The many who don't make it big often end up jobless, even crippled.

By Ching-Ching Ni, Times Staff Writer
May 6, 2007

BEIJING — Guo Ping was just 9 when she started training as a marathon runner. By the time she was 16, she had gone pro, getting up at 4 in the morning and sometimes running 40 miles a day on feet so swollen she could barely squeeze them into her shoes.

Although she harbored Olympic-sized dreams, the coal miner's daughter thought she also had a good backup plan. If she couldn't become the best of the best, she could always retire from sports and get a government job as a police officer.

That promise by her coach, she says, helped her endure a brutal training regime in which she and other runners had no contact with the outside world and no one to protect them from the coach, who beat them with a whip or baton, or knocked them off their feet with the bumper of his car if he thought they were slacking off.

But four years after she retired at 26 with nothing but an elementary school education and a body crippled by sports injuries, the former marathon champion says she has been duped.

Not only is there no job waiting for her, but Guo and her teammates charge that their coach pocketed their government-paid wages and refuses to give them back.

"We trusted him because we were young and he was our coach," Guo said. "He told us he'll save the money for us and we can have it all back later and not a penny will be missing."

Guo and two other former teammates at the Railway Ministry league are taking their coach, Wang Dexian, to court. Wang denies misappropriating their money and has said his beatings weren't severe.

But the case is an embarrassment to the host of the 2008 Summer Olympics and a reminder of the communist machinery that once mass-produced athletes and now can't afford to take care of them after retirement.

The athlete's entire training is financed by the state, and successful athletes, even basketball whiz kid Yao Ming, now a star for the NBA's Houston Rockets, are considered government properties who must do as their leaders say. Their job is about gaining glory for the country, not pursuing personal interests. Many poor families consider professional sports the best way out of poverty and are willing to sacrifice personal freedom for the leg up.

'Relics of the past'

But the cradle-to-grave welfare system that took care of their predecessors no longer exists. A lifetime of repetitive physical training and a lack of proper education conspire to make them poor candidates for the competitive new economy.

"These athletes are relics of the past, when training to win was all that mattered," said Xu Benli, a sports sociologist at the Shanghai Physical Education Institute. "The system is improving. The country is trying to give athletes a more well-rounded education. But it takes a lot of money to educate and find jobs for every retired athlete. Even now that's an impossible task."

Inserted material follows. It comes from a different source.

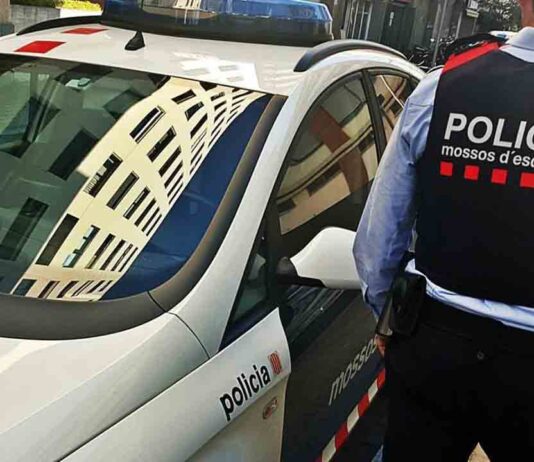 Los Mossos detienen a un hombre que escalaba fachadas para robar en pisos de Barcelona Los Mossos detienen a un hombre que escalaba fachadas para robar en pisos de Barcelona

The plight of retired athletes was elevated to the national political stage in March when former speed skater Ye Qiaobo, a member of the Beijing organizing committee for the 2008 Games and a 1994 Winter Olympics medalist, called on the Chinese parliament to give retired athletes the same social benefits as former soldiers.

"Athletes must choose a second career after withdrawing from the world of sport, and many of them go into retirement suffering from injuries. While the whole country watches its first home Olympic Games in 2008, cheering on the country's athletes to grab a bigger share of gold medals, we should also pay more attention to their lives," Ye told the China Daily.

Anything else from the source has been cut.